InvestorsHub Logo
Followers 21
Posts 1412
Boards Moderated 0
Alias Born 08/14/2006

Re: None

Monday, 08/06/2007 12:14:50 AM

Monday, August 06, 2007 12:14:50 AM

Post# of 360922
Nigeria's New Leader Faces Uncertainties
By KATHARINE HOURELD
Associated Press Writer

In his first two months in office, Nigeria's shy, aristocratic new president has faced a nationwide strike, violence in the country's oil region and accusations that he's too timid for the job.

But these challenges pale compared with the country's corruption, decayed infrastructure and poverty. This nation of 140 million expects a lot of President Umaru Yar'Adua.

'These big men always have big talk,' grumbled Raymond Olanre as he hawked newspapers on a potholed road. Yar'Adua 'says he will give us water and light, but that is just what the previous (president) said.'

Electricity and clean running water are just some of the basics that Africa's largest oil exporter has failed to deliver to its citizens. Yar'Adua has made some stabs at reform, but many Nigerians fear he won't be able to stand up to his strong-willed predecessor, Olusegun Obasanjo, and remake his country.

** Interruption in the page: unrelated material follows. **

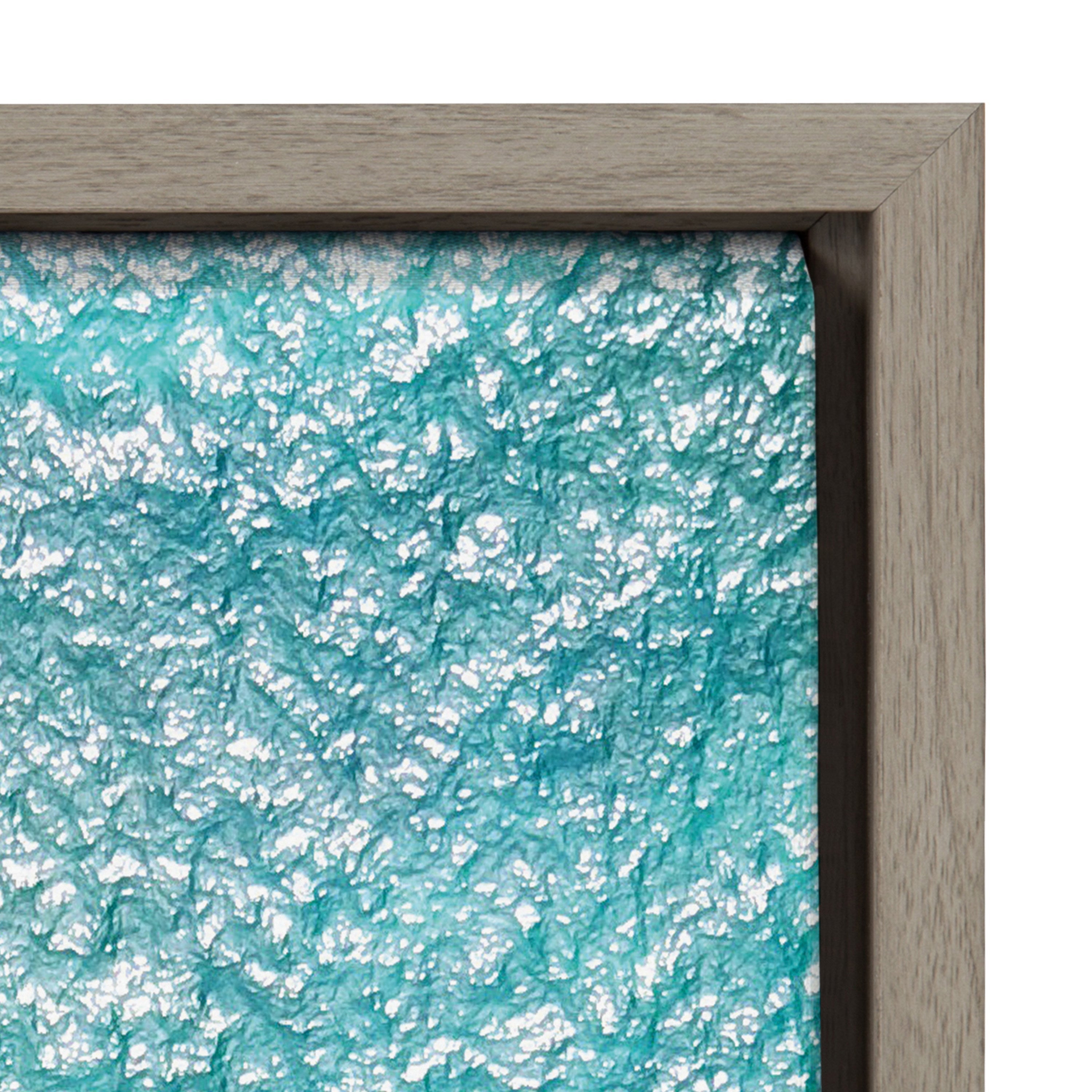 Sylvie Maui Black Sand Beach 1 Framed Canvas by Rachel Bolgov by kateandlaurel - product image 15 for Resin Society
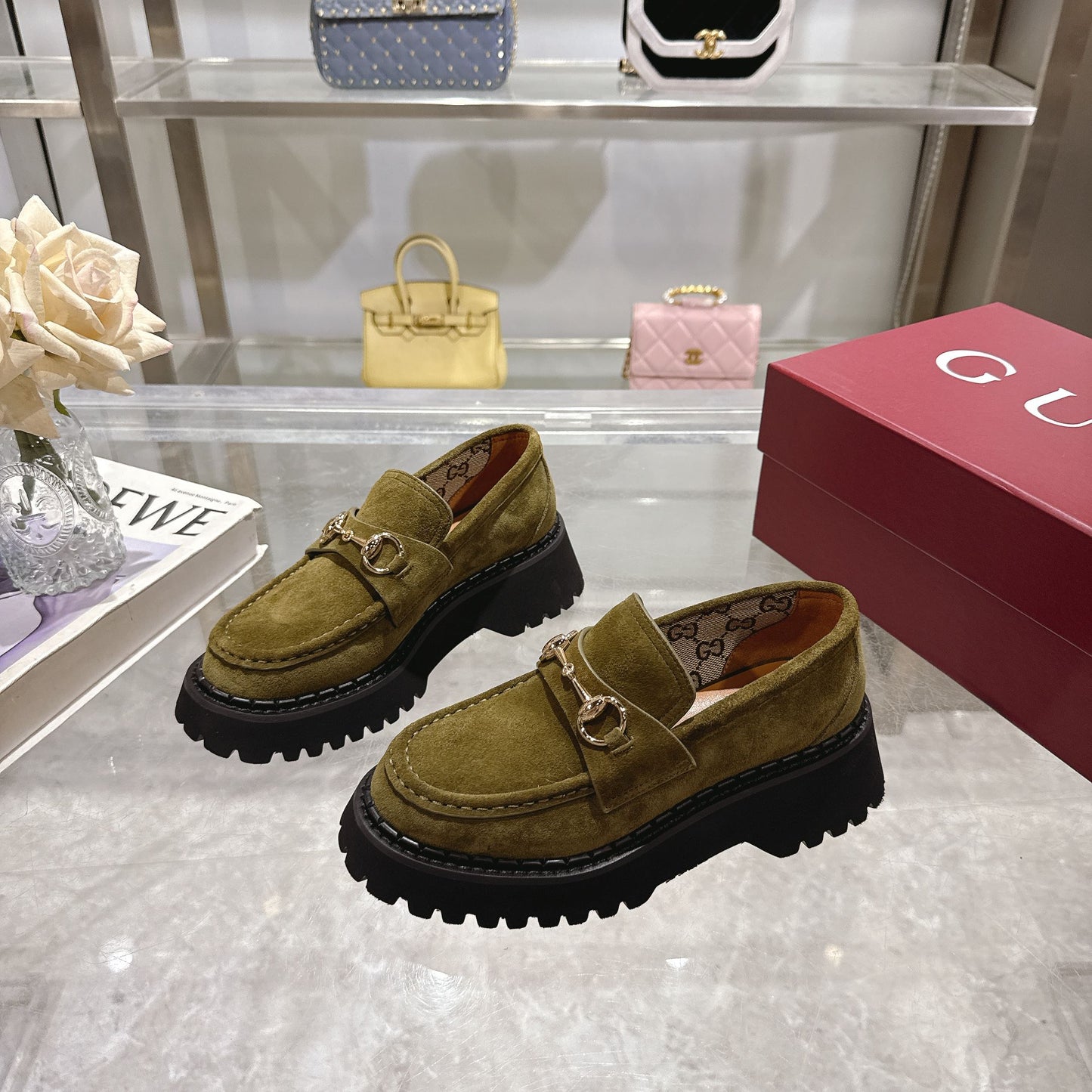 Gucci Suede Women's loafer with Horsebit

Obasanjo plucked the former state governor from obscurity and made him the governing party's presidential candidate last year. Yar'Adua's landslide victory in April's elections was condemned by domestic and international observers, who charged widespread voter intimidation and vote-rigging.

Under Obasanjo, Nigeria had eight tumultuous years of democracy, the longest such period since independence from Britain in 1960. But corruption and poverty remained rife.

Olanre, for example, earns about $2 a day - not much, but still more than most. He is 22, in a country where average life expectancy is 43.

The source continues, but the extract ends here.